The Cochrans graciously agreed to allow me to hang the Bearden next to my offering for the show, Alfresco, Family Table...

She is an oil on canvas, 55" x 72". I made her in collaboration with Genna. My thought process was that the juxstaposition of Genna's flowing style and my broad, crisp panes of color create a similar feeling to Bearden's collaged (or in this case, collage like) images.

Our featured work for the show was created by my VAAL co-director Cora Wooley Waterhouse. Her painting is Adaptation:

Inspired by this photographic portrait of Frida Kahlo by Nikolas Muray:

I loved what Cora had to say,

"Photographs of Mexican painter Frida Kahlo remind me of my own Hungarian grandmother, Anna Schreier.
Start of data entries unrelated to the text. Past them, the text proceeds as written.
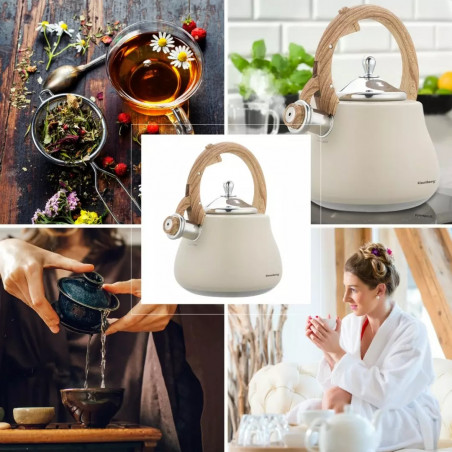 Klausberg KB 7919 βραστήρας με στροβιλισμό, 2,8 l, Θερμομονωμένη λαβή, Επαγωγή, Μπεζ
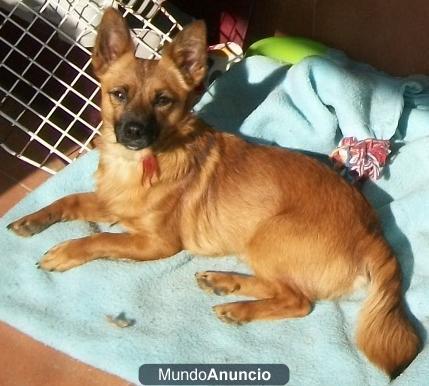 `Protectora de animales necesita árboles donados para sombra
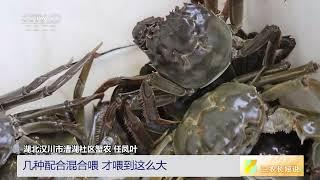 [三农长短说]江河湖海食鲜季 湖北汉川 养蟹品蟹有妙招 混合喂养个头大|农业致富经 Agriculture And Farming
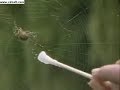 Understanding the Wood Spider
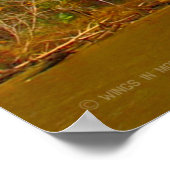 POSTER PERSONNEL AMÉRICAIN DE COMBAT (Coin)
Both women were proud and exotic, brave and deeply independent. Last year for my birthday, my daughter gave me a book of fantastic photographic portraits of Kahlo taken by Nikolas Muray, one of her many lovers. I chose the cover photo as inspiration for my self portrait.

For my piece, I wear a heavily embroidered vest, homage to my Hungarian mother and grandmother. The necklace is a favorite of mine, found in pieces at the old LaGrange Antique Mall shortly after we arrived here. The azaleas and maple leaves for my hair are from my own beautiful springtime yard. There is no place that blooms more beautifully than Georgia in spring.
I painted myself on a camouflage fabric ground. The idea that a fabric can help a person blend into their environment adds a wink of irony to my Adaptation and gives a nod to the patterned wallpaper background of the original work."

Kudos, Cora! Check her out online at

If you're planning to be in the LaGrange area, you can see the show Wednesday-Saturday from 1-5pm at the Cochran Gallery, E. Lafayette Square until July 2nd.

Monday, June 15, 2009


My very first exciting! Welcome all.

I'm Signe. I'm a thirty something (5) painter,

married to a fourty-ish (one) potter. My husband Genna (here he is, isn't he cute)

and I are partners in a co-operative gallery and travel widely showing our work and servicing galleries that feature our work. Genna's beautiful and talented daughter Nastiya is with us in the summers. Here she is,

Beautiful, no? She's also very smart & talented. She lives in Ukraine with her mom and just completed her second year of study in interior design. She also draws, paints, and can do every handcraft the first time she picks it up (knitting, pottery, beading, sculpture, etcetera, etcetera. It makes me absolutely green with envy how 'intelligent' her hands are!).

Anywho, this blog won't be about my family...just thought you'd like a little backstory. Visit me here to see 'what's on the easel', to hear about our art festival exploits, and to keep track of our newest inspirations. Looking forward to it!